= Low-frequency effects =

Band-limited audio for 3–120 Hz range

The low-frequency effects (LFE) channel is a band-limited audio track that is used for reproducing deep and intense low-frequency sounds in the 3–120 Hz frequency range.

This track is normally sent to a subwoofer—a loudspeaker designed to reproduce very low frequencies. LFE channels originated in Dolby Stereo 70 mm film, but in the 1990s and 2000s they became common in home theater systems in order to reproduce film soundtracks found on DVDs and Blu-ray discs.

== Types ==

=== Low-pitched musical arts ===
LFEs include both low-pitched musical notes and low-pitched sound effects. The musical soundtrack for many films includes bass instruments that produce very low notes.
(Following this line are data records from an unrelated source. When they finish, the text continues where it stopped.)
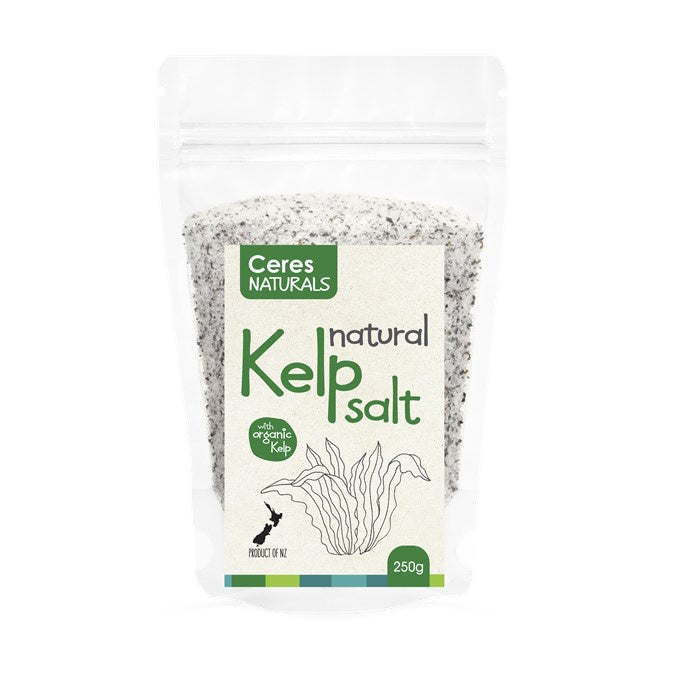 Ceres Organic Natural Kelp Salt 250g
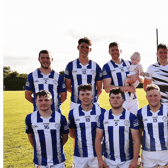 Tullogher-Rosbercon, winners of the Aylward Cup.  Picture: Willie Dempsey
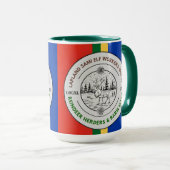 Lapland Sami Elf Arbeiders Vakbond rendierherders Mok (Voorkant rechts)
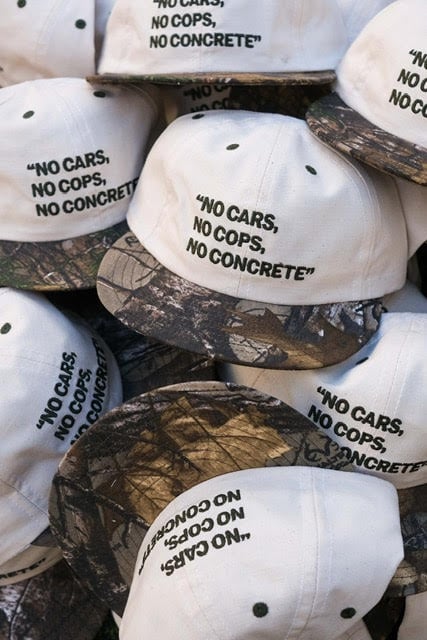 NO CARS, NO COPS, NO CONCRETE HAT! — TrackosaurusRex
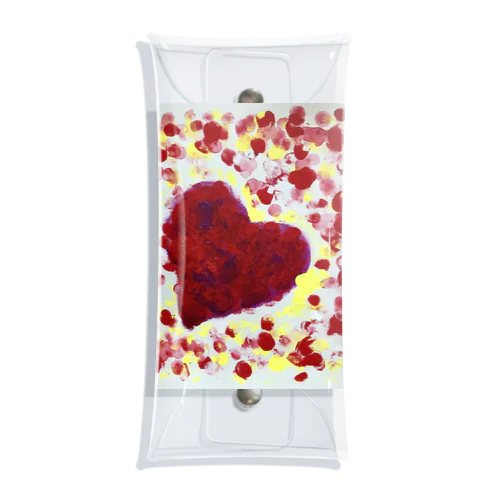 Sign of love Clear Multipurpose Case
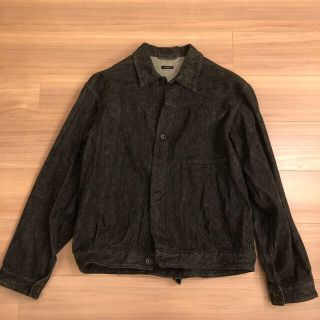 コモリ(COMOLI)の※えだまめ様専用※comoli 21SS デニムジャケット BLACK/ECRU(Gジャン/デニムジャケット)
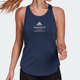 女子反光透气工字背跑步运动背心 Adidas 阿迪达斯正品 GJ6460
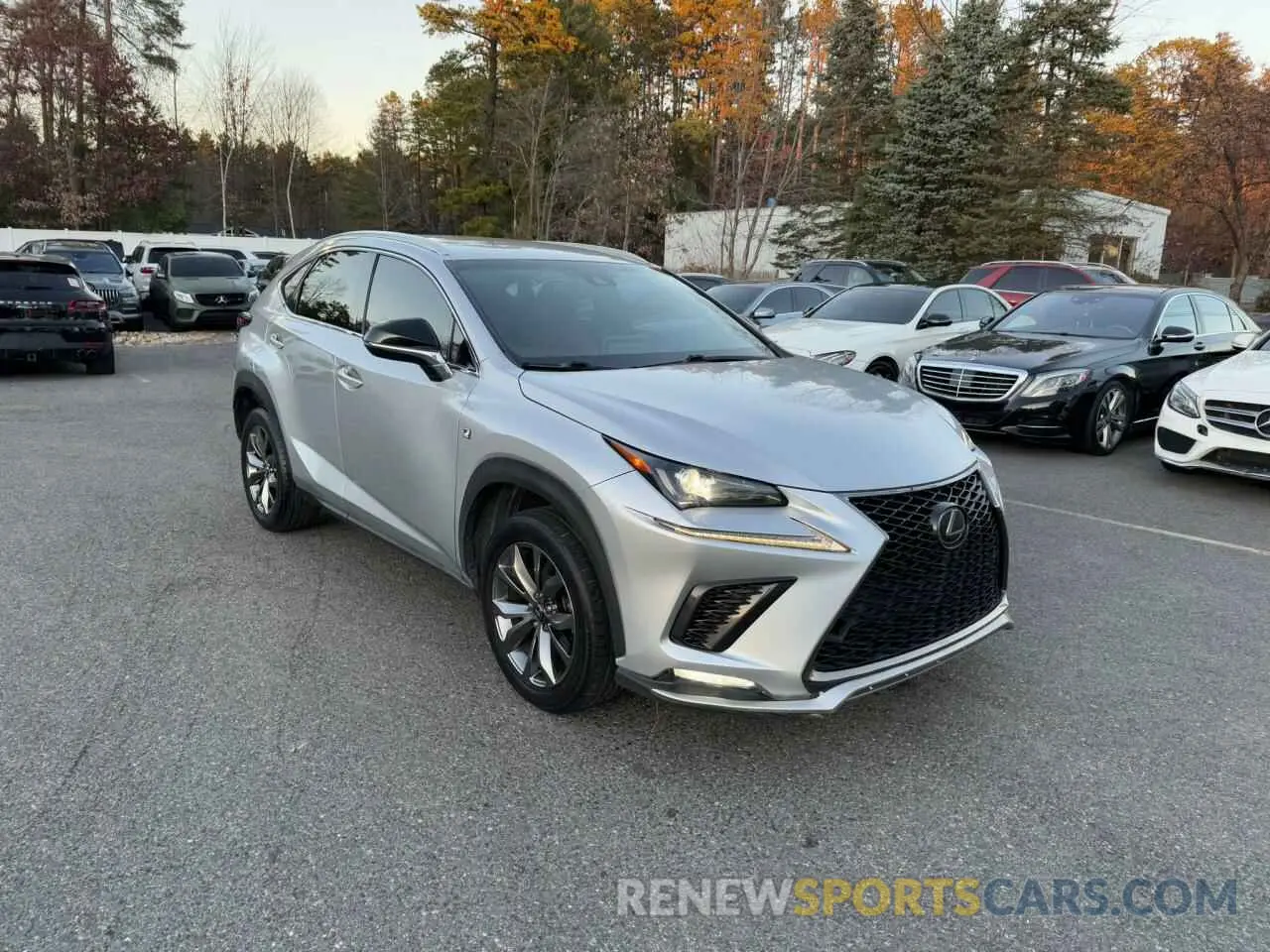 2 Photograph of a damaged car JTJYARBZ8K2128524 LEXUS NX 2019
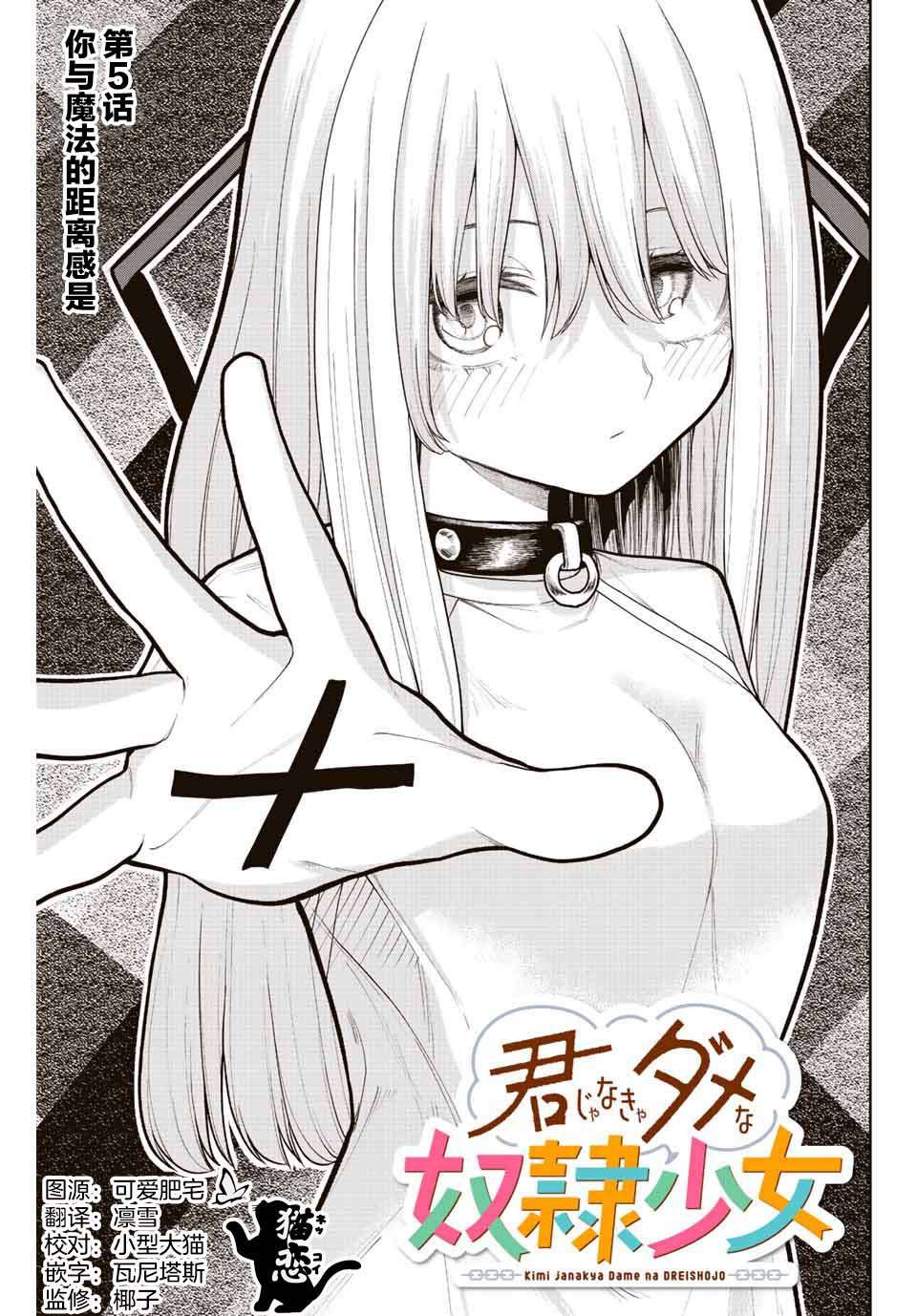 只属于你的奴隶少女第05话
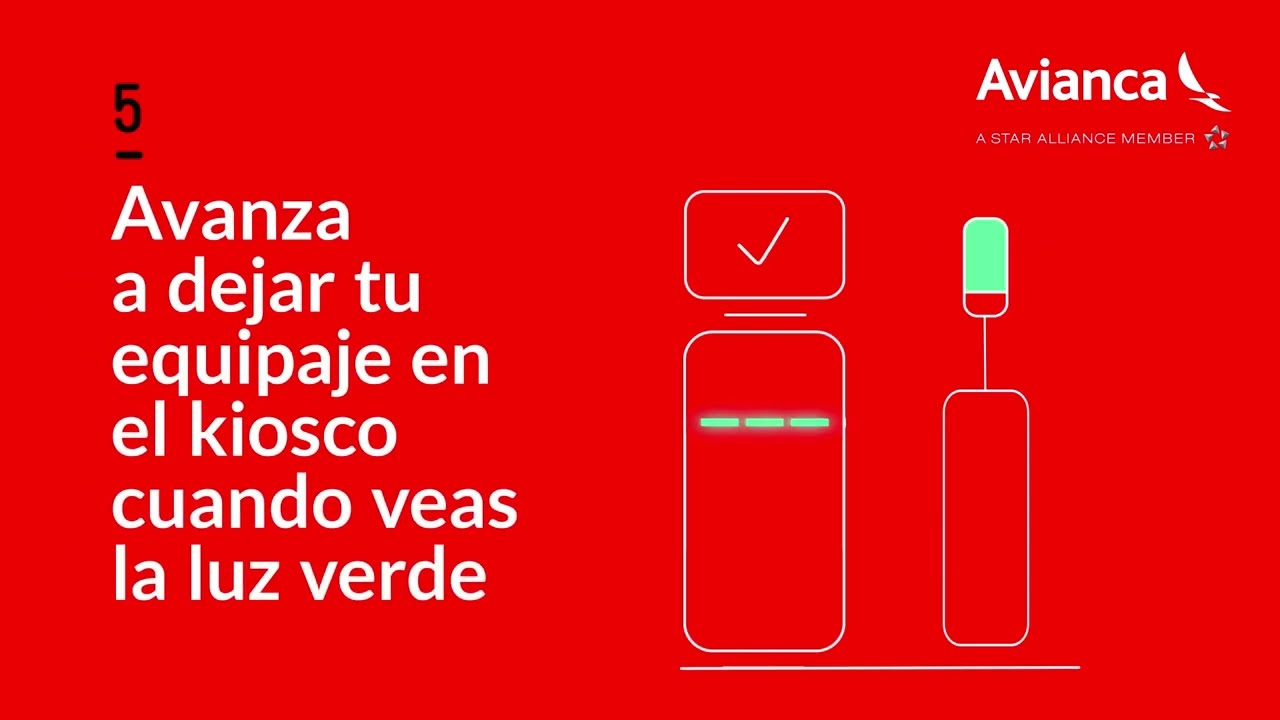 Entrega tu equipaje en nuestros kioscos! - YouTube
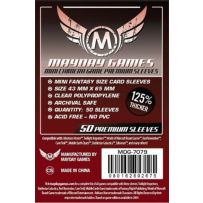 Mayday Premium Mini Chimera 50 Card Sleeves 43mm x 65mm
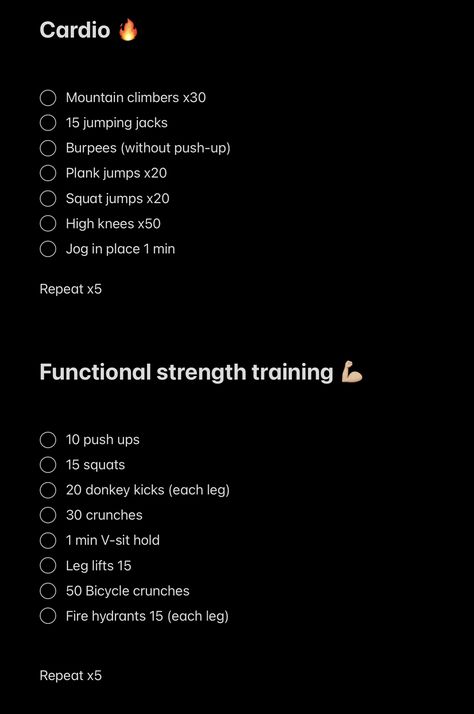 Cardio Workout Routine At Home, Endurance Cardio Workout, Cardio And Weight Training Schedule Workout Routines, Strength Training Home Workout, Mixed Cardio Workout At Home, Workout Routine For Strength, Workout Starter Plan, Weight And Cardio Workout Plan, Cardio Plan For Beginners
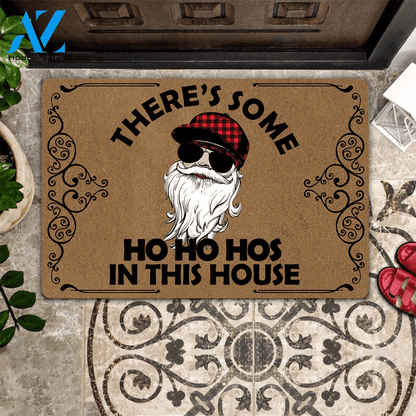 Cardi B Doormat Some Hos In This House | Welcome Mat | House Warming Gift
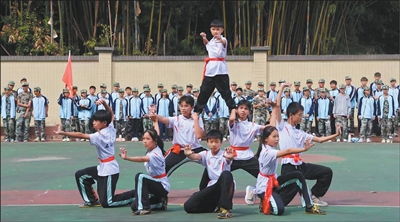 乡村武馆,打开发展im下载新天地(县域体育展活力)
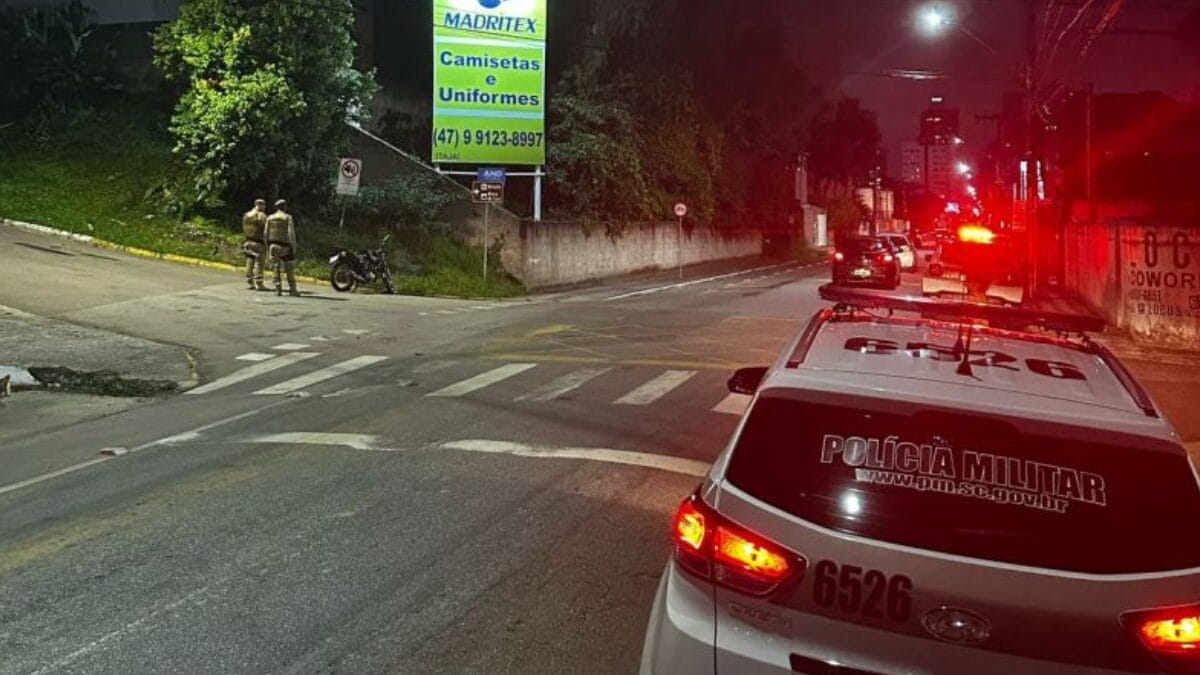 Quem era a motociclista que morreu em acidente na descida do Morro da Cruz em Itajaí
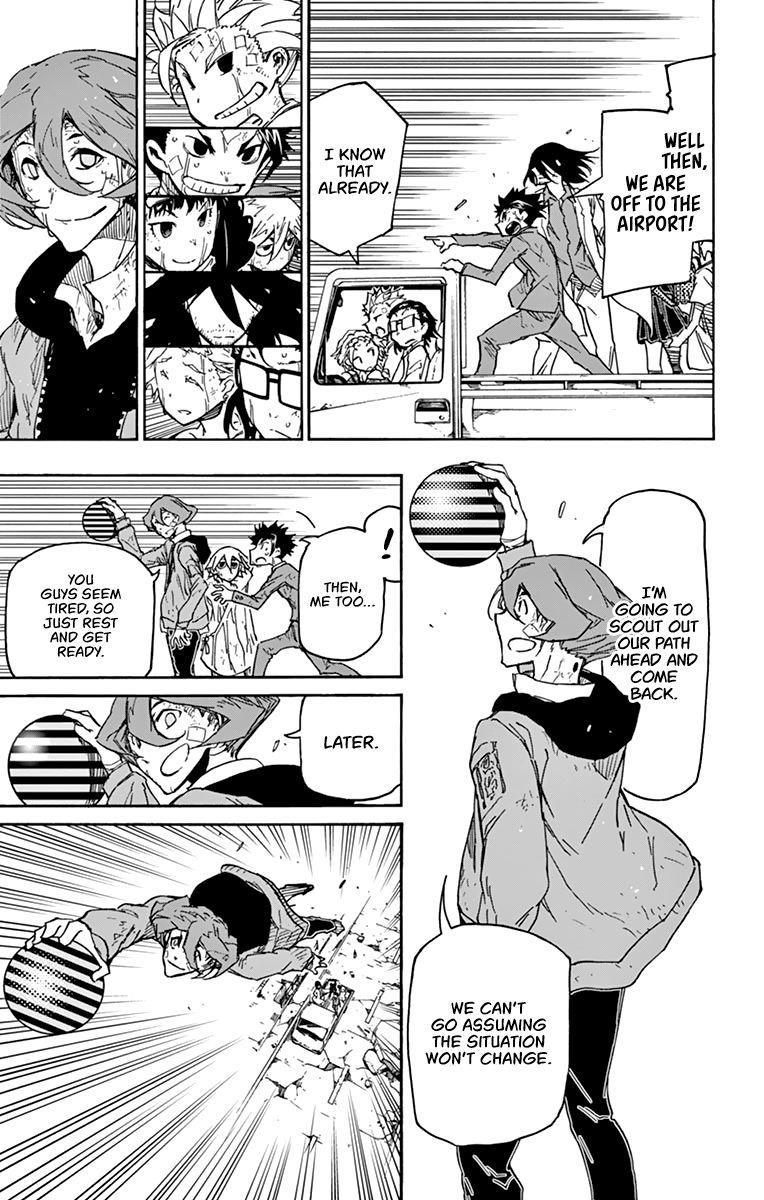 The world in 5 minutes Chapter 49 - Page 15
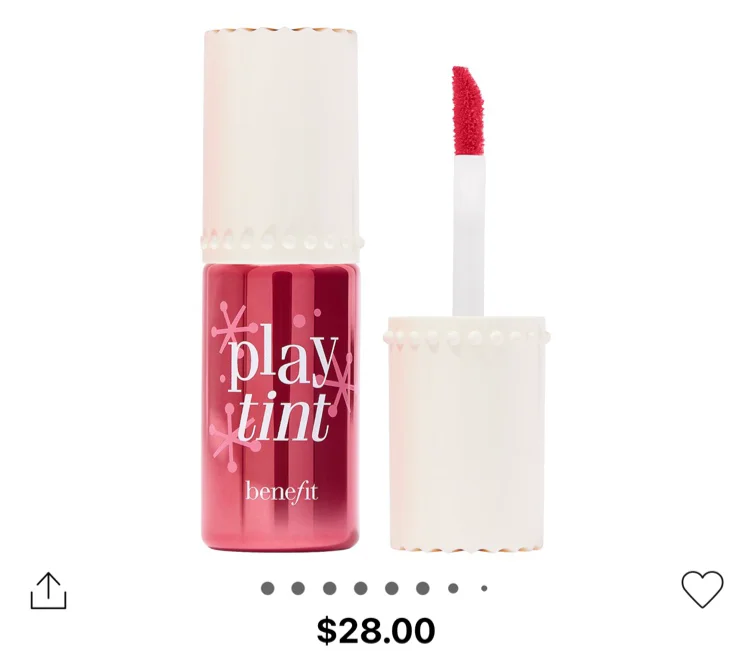 Benetint Liquid Lip + Cheek Blush Stain -playtint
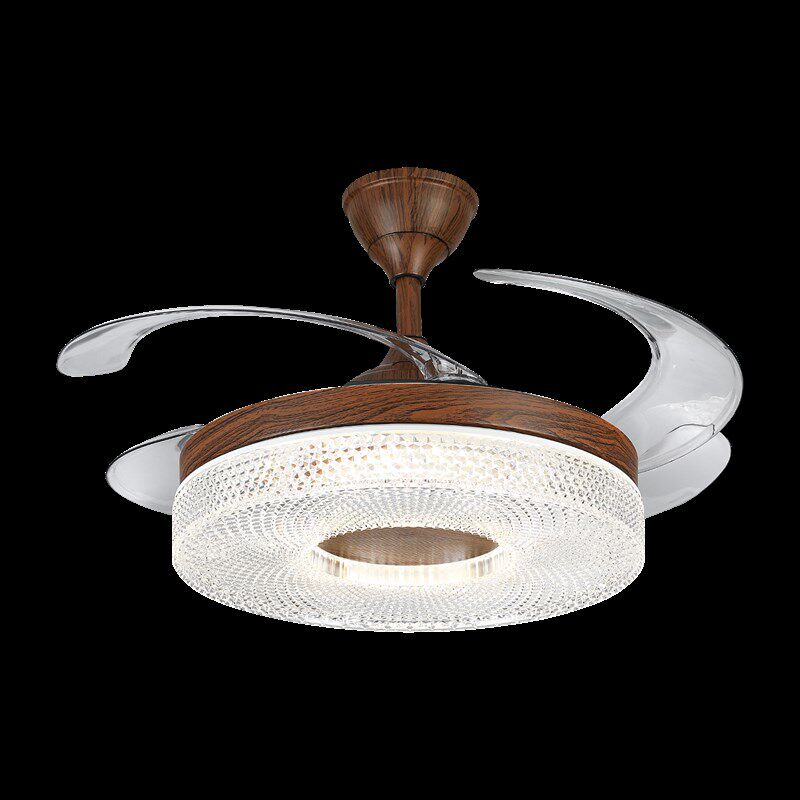 隐形风扇灯2025新款家用客厅led卧室餐厅变频大气52寸电扇吊扇灯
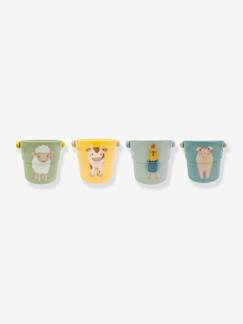 Set van 4 badbekers van Little Goose - LITTLE DUTCH  - vertbaudet enfant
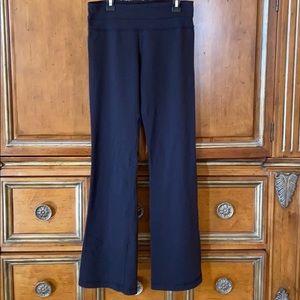 Lululemon wide leg yoga pants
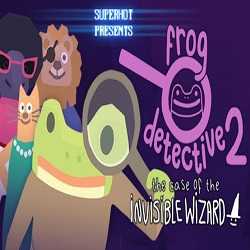 Frog Detective 2 The Case of the Invisible Wizard Free (B20248641)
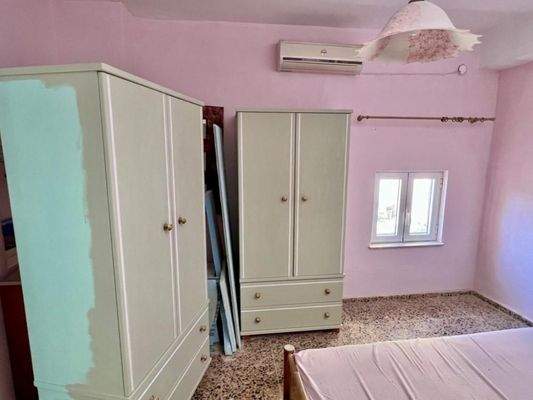 Kreta, Kritsa: Drei-stöckiges Dorfhaus mit zwei Schlafzimmern und schöner Aussicht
Until the 1970s, most of the low-pitched instruments were natural, acoustic instruments, such as the double bass or the pipe organ's pedal keyboard. After the 1980s, film scores increasingly used synthesized instruments, including synth bass keyboards, which incorporated very low-pitched notes.

=== Sound effects ===
The most challenging sounds to reproduce from a sound engineering standpoint are usually the extremely low-pitched sound effects in the 20 Hz range, such as those used to simulate the sound of an explosion, earthquake, a rocket launch, or submarine depth charges. The human ear is not very sensitive to sounds at these low frequencies, so it takes a tremendous amount of amplification for the human ear to hear them. Further, sounds at these frequencies are more felt in the body, rather than heard. As well, since they are sound effects, they may have a longer duration or sustain than many low-pitched musical notes, which makes them harder to reproduce accurately.

It is a formidable challenge for an amplifier, subwoofer speakers, and cabinet to reproduce these sound effects at a high volume without encountering problems such as power amplifier clipping (distortion), unwanted rattle or resonance in the wooden cabinet, or excessive "chuffing" sounds from the bass reflex vent (if a vent or port is used in the cabinet). Sound recording magazines sometimes use the loud, rumbling sound effects simulating the sound of the submarine depth charges which were used in the World War II film U-571 (2000) to test the accuracy of subwoofer systems.

== Development ==

The LFE channel originated in Dolby Stereo 70 mm Six Track film prints, as a way of providing louder bass and sub-bass effects, without detracting from the quality of the standard audio channels. The LFE channel is conventionally played back 10 dB louder than the main channels, giving significantly more recording headroom. Also, the separate recording allowed a straightforward installation of extra dedicated subwoofers, and removed the need to upgrade the main speakers.

Later formats such as Dolby Digital retained the LFE channel, although this is more through convention and backwards compatibility than necessity, as digital formats have greater dynamic range than the magnetic analogue recordings on 70 mm prints, and modern sound processors have a bass management system to redirect bass from all channels to a subwoofer.

== Home theater systems ==

In the 1990s surround sound home theater systems became available to enhance the experience of viewing DVD and Blu-ray films. Prior to the advent of home theater systems, when VCRs were used, the enhanced sound option was stereo high-fidelity sound or Dolby Pro Logic for Dolby Surround-encoded tapes. With home theater systems, a multichannel audio system was used to deliver different sounds to six or more different speakers. The widely used 5.1-channel audio system consists of five full-range main (Left, Center, Right, Left rear Surround, and Right rear Surround) plus a Low-Frequency Effects (LFE) channel. Many typical home theater systems, especially home theater in a box systems, are incapable of accurately reproducing LFE in the 20 Hz range.

The LFE channel delivers bass-only information to supplement the overall bass content. The LFE channel content is not the same as the content of a subwoofer-out jack. The LFE channel is used to carry additional bass information in the surround sound programming, while the subwoofer output is bass information from up to all six channels that has been selected to be reproduced by the subwoofer via a bass management system.

The bass management in surround sound replay systems is that bass content in the incoming signal, irrespective of channel, should be directed only to loudspeakers capable of handling it. The bass management system may direct bass to one or more subwoofers (if present) from any channel, not simply the content of the LFE channel.

== Bass Shaker ==

The LFE channel can be output to one or more tactile transducers, also known as "bass shakers". When connected to the subwoofer output, the bass shaker will vibrate at the frequency of the bass, usually between 20 and 200 Hz, without producing much audible sound. Tactile transducers are frequently mounted directly to the frame of a chair or sofa. A listener's body can feel the vibrations from the LFE, enhancing the overall sensation of the bass.